Function calling (the model deciding to invoke a tool and returning structured arguments) is the core mechanism that makes LLM agents practical. PHP is well-suited here because the "tools" are usually existing domain logic: fetch a customer, check order status, run a calculation. You already have that code.

$tools = [
    Tool::create('get_order_status')
        ->description('Returns the current status and ETA for a given order ID')
        ->parameter('order_id', 'string', 'Order UUID', required: true),

    Tool::create('calculate_refund')
        ->description('Calculates refund amount based on order ID and reason')
        ->parameter('order_id', 'string', required: true)
        ->parameter('reason', 'string', 'cancellation | defect | not_received', required: true),
];

$response = $llm->chat($messages, tools: $tools);

// The model may return a tool call instead of text
while ($response->hasToolCalls()) {
    foreach ($response->toolCalls() as $call) {
        $result = match ($call->name) {
            'get_order_status'  => $orderService->getStatus($call->arguments['order_id']),
            'calculate_refund'  => $refundCalculator->calculate(
                $call->arguments['order_id'],
                $call->arguments['reason']
            ),
            default => throw new UnknownToolException($call->name),
        };

        // Feed the tool result back into the conversation
        $messages[] = ['role' => 'tool', 'tool_call_id' => $call->id, 'content' => json_encode($result)];
    }

    $response = $llm->chat($messages, tools: $tools);
}

The while loop handles multi-step tool use. In practice most production agents make 1-3 tool calls per conversation turn. More than that and latency becomes the dominant UX problem.

The observability you actually need

Three metrics I track for every LLM integration.
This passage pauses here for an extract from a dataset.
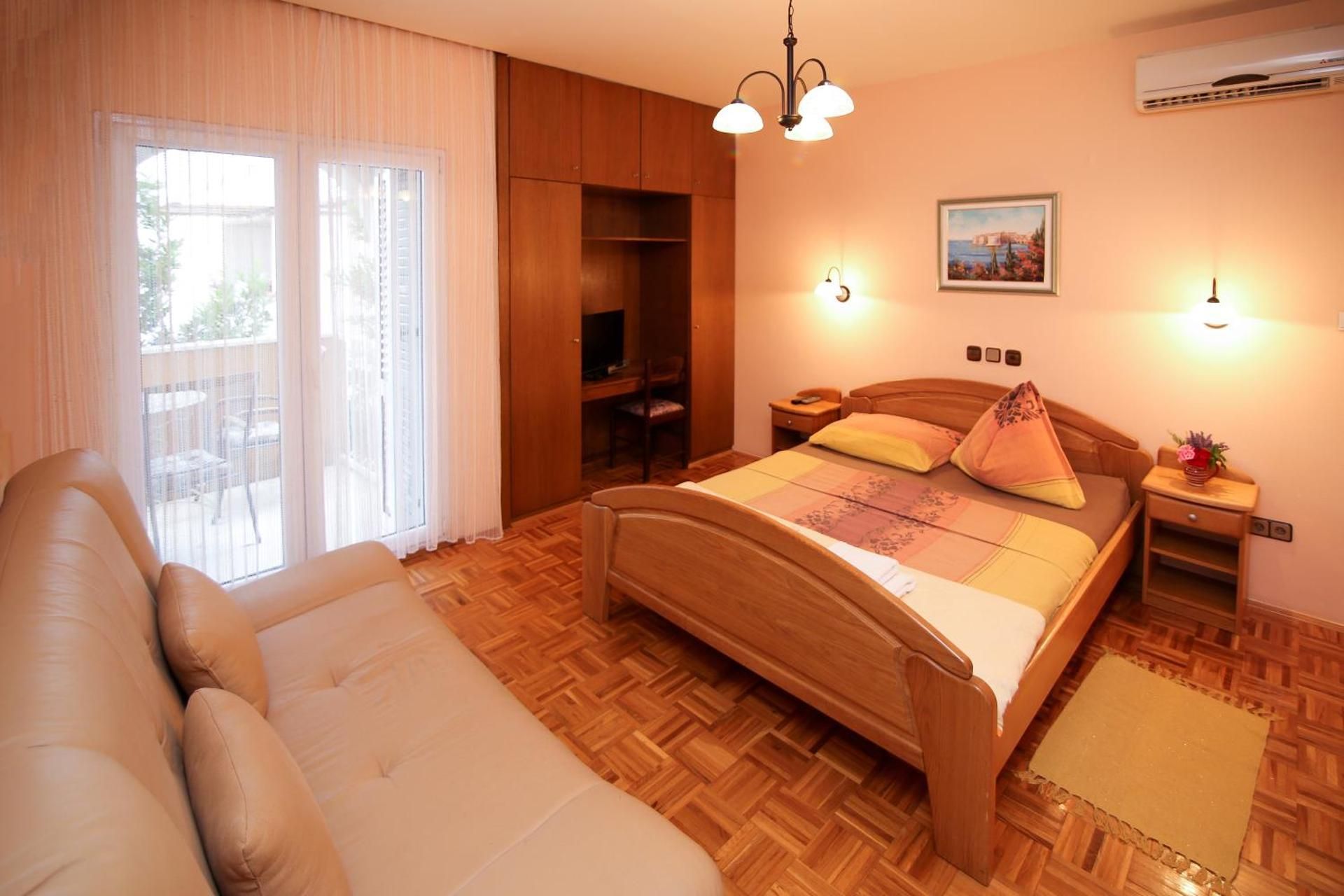 Studio Apartment with Sea View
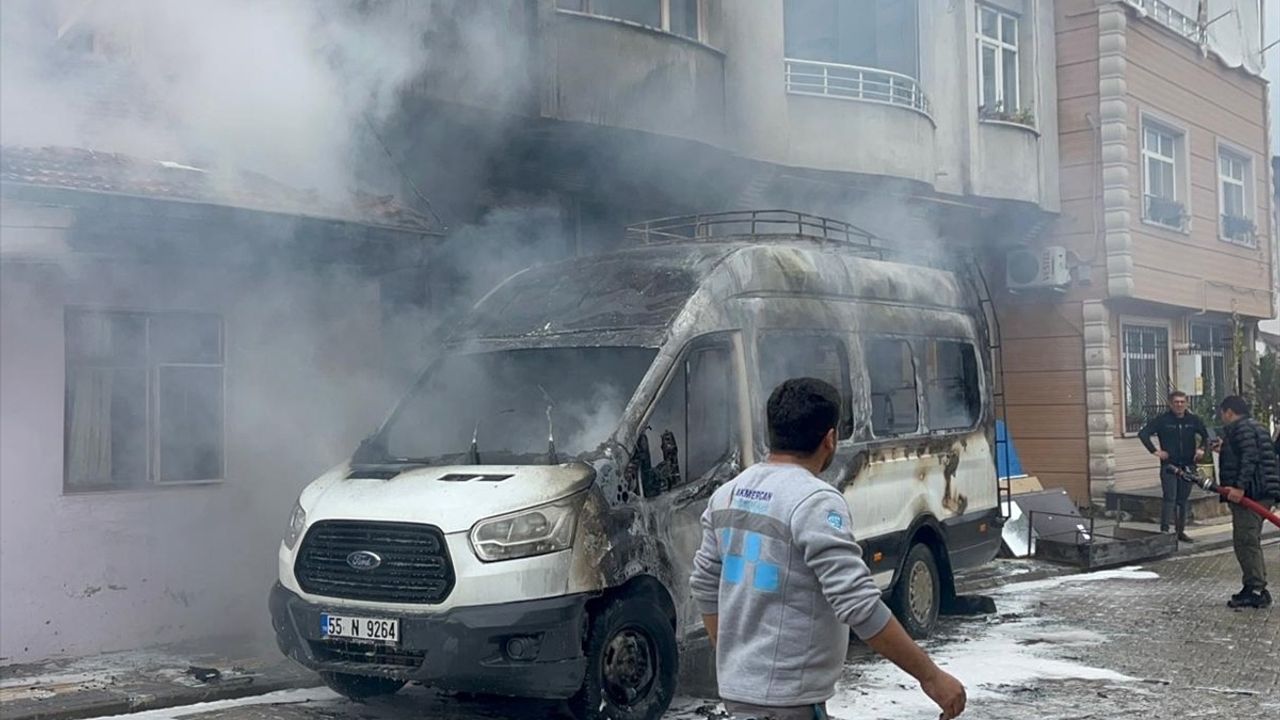 Vezirköprü'de park halindeki minibüs alev aldı; yangın ev ve iş yerine sıçradı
Token consumption per endpoint matters because LLM costs scale with tokens, not requests, one endpoint passing a 10,000-token system prompt on every call will dominate your API bill within days.

// After every LLM call
$this->metrics->increment('llm.tokens.prompt',     $response->usage()->promptTokens);
$this->metrics->increment('llm.tokens.completion', $response->usage()->completionTokens);
$this->metrics->timing('llm.latency_ms',           $response->latencyMs());

For structured outputs (classifications, function calls, JSON extraction) the model will occasionally return malformed output. Track the parse error rate. If it exceeds 2%, your prompt is degrading, the model was silently updated, or your input distribution shifted.

If you are doing LLM work in background jobs, queue depth is a leading indicator of whether your worker count is keeping up with request volume. Watch it before it becomes a page.

The rewrite question, answered honestly

Is Python better for LLM work? For pure ML research, training, and fine-tuning, yes, without question. For building LLM-augmented features on an existing PHP system, the gap is smaller than the migration cost in almost every case I have evaluated.

The question is not "which language is better for LLMs" but "where does the business logic live that the LLM needs to operate on?" If it lives in a PHP system with ten years of domain modelling, you will not duplicate that in six months in a new Python service. You will end up with a thin Python wrapper calling your PHP API, and you will have paid the full price of a rewrite without gaining anything LLPhant could not have done directly from PHP.